INSTRUCTIONS TO FOLLOW: Check every line of the material below for the string "Picture", and return the ones that have it.

DATA FOR REVIEW below:

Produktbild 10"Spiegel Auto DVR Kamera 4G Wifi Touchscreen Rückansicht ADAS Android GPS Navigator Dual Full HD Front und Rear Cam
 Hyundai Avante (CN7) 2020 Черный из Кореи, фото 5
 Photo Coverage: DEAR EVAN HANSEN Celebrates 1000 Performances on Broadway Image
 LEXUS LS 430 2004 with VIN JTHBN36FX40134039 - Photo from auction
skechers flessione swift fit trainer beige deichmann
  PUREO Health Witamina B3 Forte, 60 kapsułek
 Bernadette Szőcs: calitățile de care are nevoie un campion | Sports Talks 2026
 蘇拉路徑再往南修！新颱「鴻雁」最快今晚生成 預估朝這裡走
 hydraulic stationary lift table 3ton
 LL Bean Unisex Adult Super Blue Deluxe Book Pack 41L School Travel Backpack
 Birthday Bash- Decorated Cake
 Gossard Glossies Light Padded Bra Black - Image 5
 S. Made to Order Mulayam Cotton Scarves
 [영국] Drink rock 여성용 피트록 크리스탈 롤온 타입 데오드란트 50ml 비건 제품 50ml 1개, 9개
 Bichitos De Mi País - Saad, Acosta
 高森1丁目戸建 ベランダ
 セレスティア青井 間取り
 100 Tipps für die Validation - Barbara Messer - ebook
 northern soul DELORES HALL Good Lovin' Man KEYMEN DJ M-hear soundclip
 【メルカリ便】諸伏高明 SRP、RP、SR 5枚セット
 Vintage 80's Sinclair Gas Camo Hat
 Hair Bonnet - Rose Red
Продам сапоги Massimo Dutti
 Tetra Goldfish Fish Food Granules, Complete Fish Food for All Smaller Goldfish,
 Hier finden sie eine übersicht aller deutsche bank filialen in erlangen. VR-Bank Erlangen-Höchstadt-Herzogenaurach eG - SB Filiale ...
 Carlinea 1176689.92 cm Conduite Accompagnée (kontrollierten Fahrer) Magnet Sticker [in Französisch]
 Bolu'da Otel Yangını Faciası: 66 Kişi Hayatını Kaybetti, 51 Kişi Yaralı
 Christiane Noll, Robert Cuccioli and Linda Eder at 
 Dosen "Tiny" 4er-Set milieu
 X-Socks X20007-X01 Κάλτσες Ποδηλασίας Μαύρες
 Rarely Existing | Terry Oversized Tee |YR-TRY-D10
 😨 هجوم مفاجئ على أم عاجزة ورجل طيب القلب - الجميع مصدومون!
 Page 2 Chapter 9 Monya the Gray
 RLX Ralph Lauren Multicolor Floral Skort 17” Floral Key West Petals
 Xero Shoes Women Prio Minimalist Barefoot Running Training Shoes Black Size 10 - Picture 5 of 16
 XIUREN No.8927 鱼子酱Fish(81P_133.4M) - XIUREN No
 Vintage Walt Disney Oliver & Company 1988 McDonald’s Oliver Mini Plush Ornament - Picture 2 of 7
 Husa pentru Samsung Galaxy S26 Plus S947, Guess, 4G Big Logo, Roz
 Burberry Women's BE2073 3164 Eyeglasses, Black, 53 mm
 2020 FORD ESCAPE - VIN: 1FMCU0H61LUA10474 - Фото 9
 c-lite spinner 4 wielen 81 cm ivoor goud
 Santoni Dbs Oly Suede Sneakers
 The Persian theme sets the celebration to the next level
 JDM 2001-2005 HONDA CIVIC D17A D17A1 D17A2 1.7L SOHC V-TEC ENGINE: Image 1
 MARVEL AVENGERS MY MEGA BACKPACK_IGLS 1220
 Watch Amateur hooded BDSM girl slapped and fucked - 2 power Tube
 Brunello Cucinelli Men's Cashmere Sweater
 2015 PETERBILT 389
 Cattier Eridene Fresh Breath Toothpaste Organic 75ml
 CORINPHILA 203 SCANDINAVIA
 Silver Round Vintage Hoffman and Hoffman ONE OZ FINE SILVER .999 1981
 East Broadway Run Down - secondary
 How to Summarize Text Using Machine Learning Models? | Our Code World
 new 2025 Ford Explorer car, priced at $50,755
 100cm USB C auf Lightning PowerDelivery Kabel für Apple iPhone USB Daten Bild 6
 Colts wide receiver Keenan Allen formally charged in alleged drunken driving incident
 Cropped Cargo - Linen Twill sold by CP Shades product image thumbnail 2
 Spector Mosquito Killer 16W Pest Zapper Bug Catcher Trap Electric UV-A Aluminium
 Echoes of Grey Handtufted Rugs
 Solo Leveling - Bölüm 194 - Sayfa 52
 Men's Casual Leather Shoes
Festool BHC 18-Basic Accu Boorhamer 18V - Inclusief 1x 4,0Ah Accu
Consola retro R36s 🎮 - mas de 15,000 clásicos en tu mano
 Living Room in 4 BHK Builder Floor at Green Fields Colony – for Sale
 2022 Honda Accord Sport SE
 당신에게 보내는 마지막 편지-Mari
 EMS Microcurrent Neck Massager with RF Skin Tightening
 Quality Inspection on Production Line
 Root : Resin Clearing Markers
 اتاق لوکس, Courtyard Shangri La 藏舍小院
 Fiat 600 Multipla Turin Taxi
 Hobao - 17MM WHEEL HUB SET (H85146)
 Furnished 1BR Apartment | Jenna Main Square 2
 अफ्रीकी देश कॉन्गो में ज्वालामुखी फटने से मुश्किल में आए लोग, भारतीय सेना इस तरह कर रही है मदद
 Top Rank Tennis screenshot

End of DATA FOR REVIEW.

ANSWER:
 Xero Shoes Women Prio Minimalist Barefoot Running Training Shoes Black Size 10 - Picture 5 of 16
 Vintage Walt Disney Oliver & Company 1988 McDonald’s Oliver Mini Plush Ornament - Picture 2 of 7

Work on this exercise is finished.